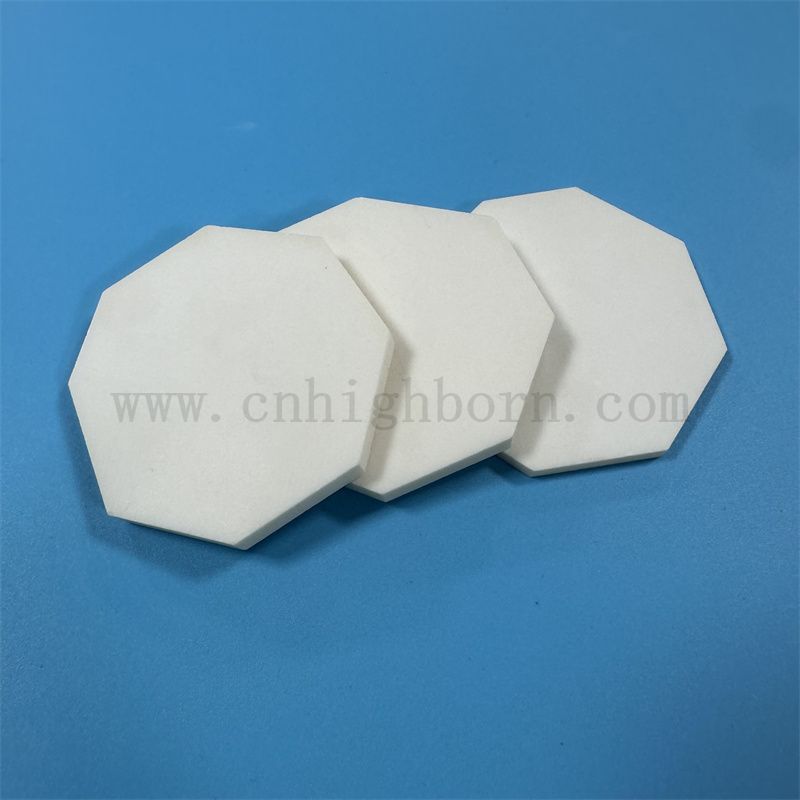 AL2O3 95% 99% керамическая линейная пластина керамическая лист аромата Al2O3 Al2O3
---
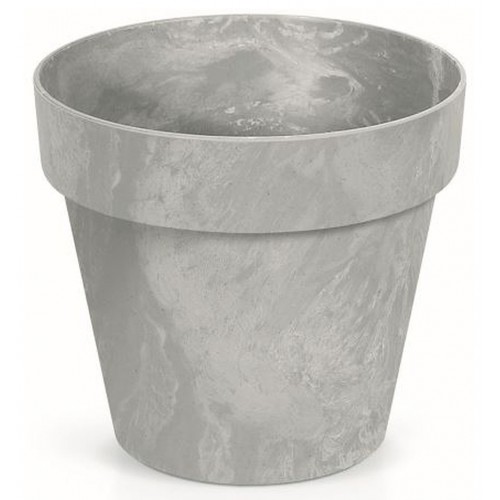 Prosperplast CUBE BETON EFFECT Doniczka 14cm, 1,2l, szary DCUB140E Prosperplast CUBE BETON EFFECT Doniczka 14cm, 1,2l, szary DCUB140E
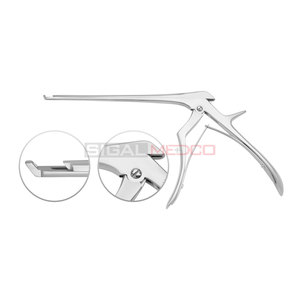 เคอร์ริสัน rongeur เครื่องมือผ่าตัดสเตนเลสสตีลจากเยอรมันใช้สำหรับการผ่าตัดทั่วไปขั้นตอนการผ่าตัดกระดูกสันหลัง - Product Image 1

§ EXERCISE GOAL: Only one stretch of the entries above is needed: the lines from the one containing "szary DCUB140E Prosperplast" through the one containing "Product Image 1". Copy it exactly, without the pictures.

§ WRITTEN SOLUTION:
 Prosperplast CUBE BETON EFFECT Doniczka 14cm, 1,2l, szary DCUB140E Prosperplast CUBE BETON EFFECT Doniczka 14cm, 1,2l, szary DCUB140E
 เคอร์ริสัน rongeur เครื่องมือผ่าตัดสเตนเลสสตีลจากเยอรมันใช้สำหรับการผ่าตัดทั่วไปขั้นตอนการผ่าตัดกระดูกสันหลัง - Product Image 1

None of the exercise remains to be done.